Adelphia Communications Corp. founder John J. Rigas, two sons and two other former executives were indicted Monday on charges that included conspiracy, securities fraud and wire fraud.
The indictment, handed down in federal court in Manhattan, named Rigas; his sons, Timothy and Michael; James R. Brown, former vice president of finance; and Michael C. Mulcahey, former director of internal reporting.
The elder Rigas founded the Pennsylvania-based company that became the nation's sixth biggest cable television system operator.
Rigas and his sons were arrested at their apartment on Manhattan's Upper East Side on July 24. An earlier criminal complaint charged them with fraud for allegedly hiding $2.3 billion in liabilities from investors.
The Rigases, who have denied any wrongdoing, have been free on $10 million bail each, secured by cash, land and other property.
At the time of their arrest, Deputy Attorney General Larry Thompson said the Rigas family and others "systematically looted the corporation.

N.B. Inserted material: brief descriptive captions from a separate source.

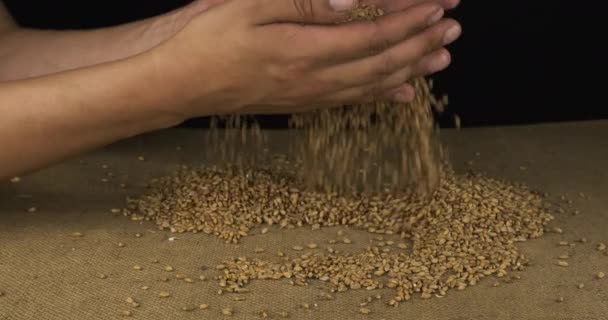 Das Studium der Weizenkörner. Agronom blickt auf die Ernte. — Stockvideo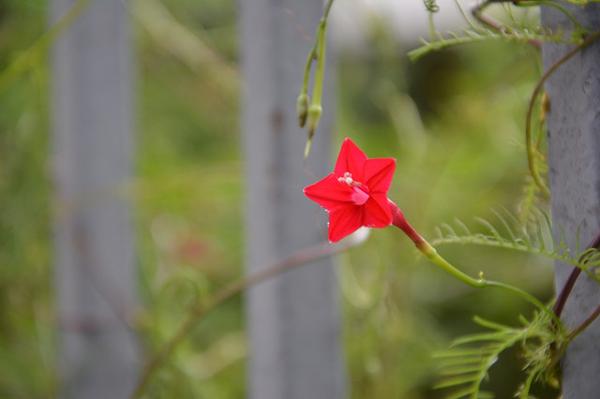 五种阳台爬藤植物 三月播种 5月开花 知乎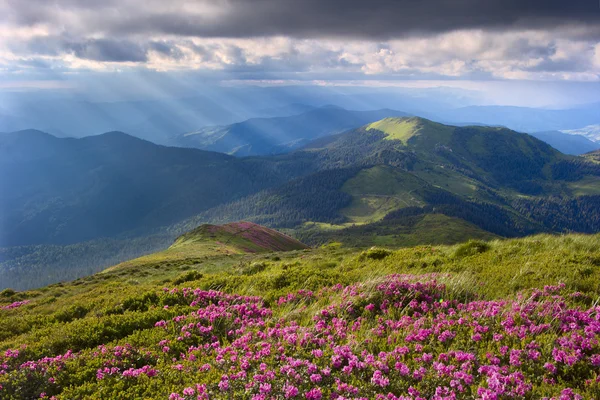 ormangülü Karpatlar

"The defendants intentionally submitted false information to lenders and made false statements to the public in order to maintain their failing company's stock price," he added.
Said Stephen Cutler of the Securities and Exchange Commission at the time, "This case exemplifies the Commission's — and the federal government's — determination to react quickly and forcefully to financial fraud at public companies, and our desire to ensure that officials who perpetrate such fraud will not profit from the behavior and will never again have the opportunity to misuse their positions as corporate officers and directors."

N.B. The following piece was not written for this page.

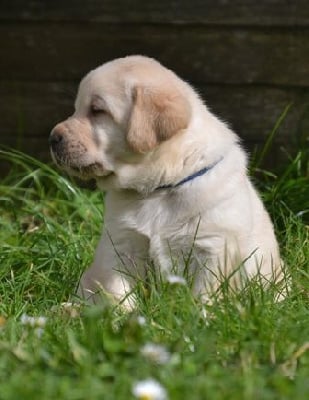 Les chiots de Labrador Retriever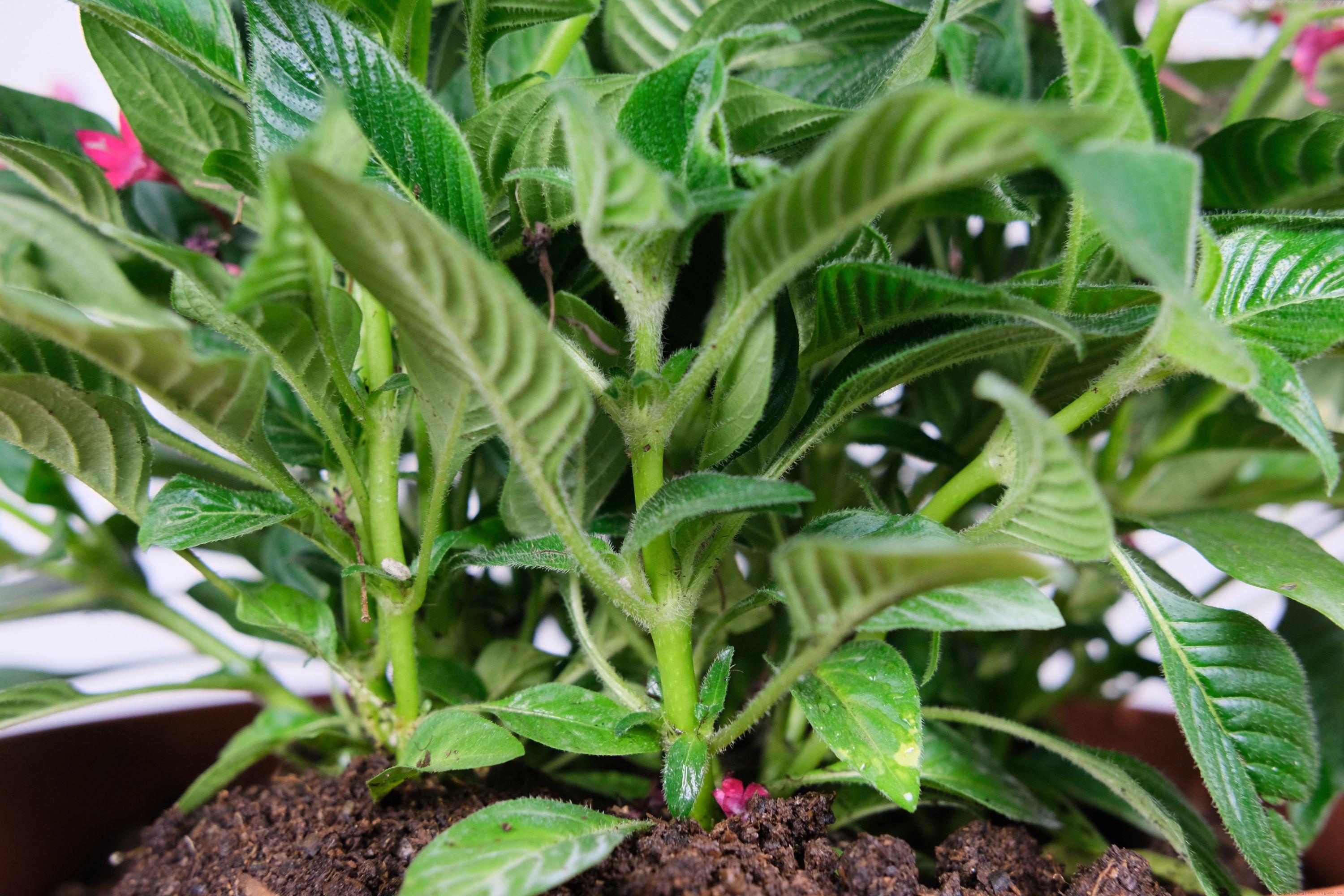 繁星花的养殖方法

Lawyers for the five former executives have denied that their clients have committed any wrongdoing.
Adelphia filed for Chapter 11 bankruptcy protection June 25. The Rigases stepped down from board seats and executive posts at the company in May.
Rigas and his sons also have been named as defendants in more than 40 civil lawsuits, including one the company filed the day of their arrests.
In addition to the criminal charges, the SEC brought a civil lawsuit in U.S. District Court in Manhattan, calling the case "one of the most extensive financial frauds ever to take place at a public company."
The SEC said the company fraudulently excluded billions of dollars in liabilities from its financial statements, falsified statistics, inflated its earnings to meet Wall Street's expectations and concealed "rampant self-dealing by the Rigas family."
It sought restitution, fines and to bar the defendants from ever heading a company.